Dr. Baer, in his most recent letter, suggests that those of us who do not agree with him are guilty of a lack of compassion. The fact is, our compassion is with others: with the people who are waiting to come legally, or to the American poor already here. Every illegal alien who is "legalized" is one less slot available for legal immigrants--actually, more, because illegal immigrants who "legalize" may then sponsor their families. Every job an illegal alien holds is a job that is not available to a legal immigrant, or to our native underclass. By the way, according to the LA Times that underclass these days includes young Latino citizens who are not able to get a foothold at a job because they are being undercut by immigrants.

I am an Arab-American, and have lived and traveled extensively in the Middle East for the past 30 years. It is precisely because I am aware of the poverty that exists elsewhere, and how widespread it is, that I support an orderly, legal, and fair immigration system, NOT one which favors Mexican immigrants because it's relatively quick and convenient for them to cross our borders. I've also experienced firsthand in the Middle East the problems of terrorism and political disruption which make the problems of illegal Mexican economic migrants insignificant. Is the need of a Mexican economic migrant greater than that of a Lebanese or Afghan or Kurd? While most immigrants are not terrorists, make no mistake that some are. Careful scrutiny and control of our immigration process are essential. Unfortunately, there is no easy means that I know of to distinguish a terrorist from an immigrant, legal or illegal. Does Dr. Baer really believe that terrorists are so stupid that if one avenue into the US is closed, they will not make use of another, such as a porous southern border with Mexico?
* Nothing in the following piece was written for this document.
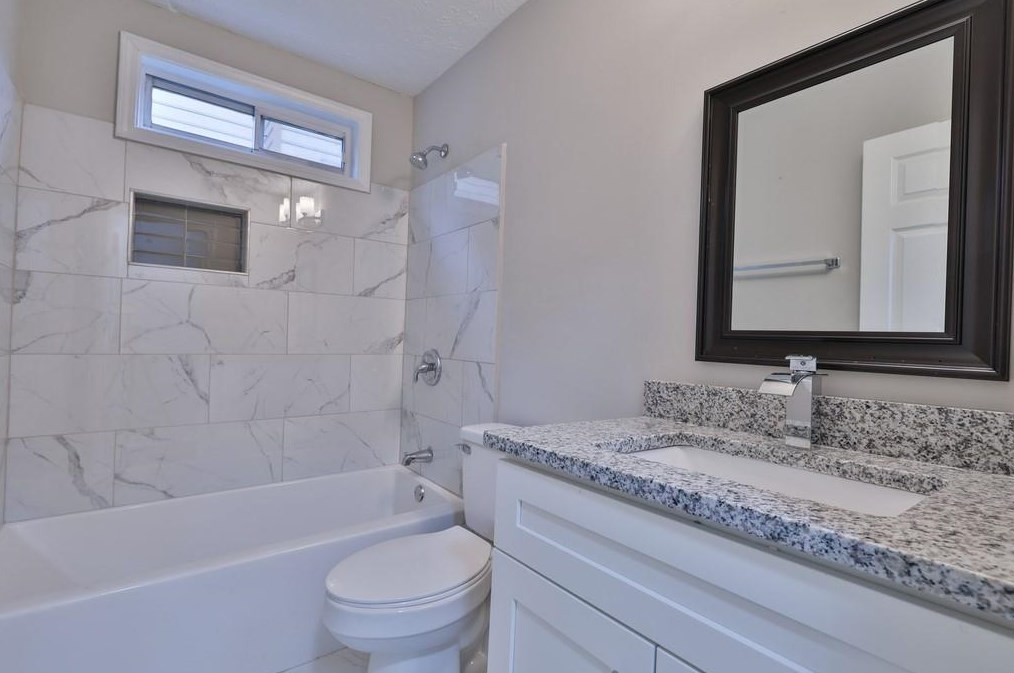 221 Oak Vista Ct, Lawrenceville GA  30044-6721 exterior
As for the children of the family he speaks of, it is not possible to deport US citizens. The deportation proceedings will decide if deportation of the parents would be an undue hardship on the children. However, many American kids grow up living abroad--in fact we speak of the benefits of being multicultural. How is this different? Because the kids may grow up in poverty there rather than here? Some may actually see it to be a benefit, in terms of the values, to grow up in Mexico, poor or not, than in the US. Alejandro Portes, a Princeton University sociologist, notes that many Latino youth are assimilating to gangs and the like in the US. What it comes down to, though, is that the parents made a choice in coming here illegally which impacted their childrens' lives, and now they may have to make another one. This is something every parent does, but it is still a choice. It is the parents' responsibility (and fault, if any).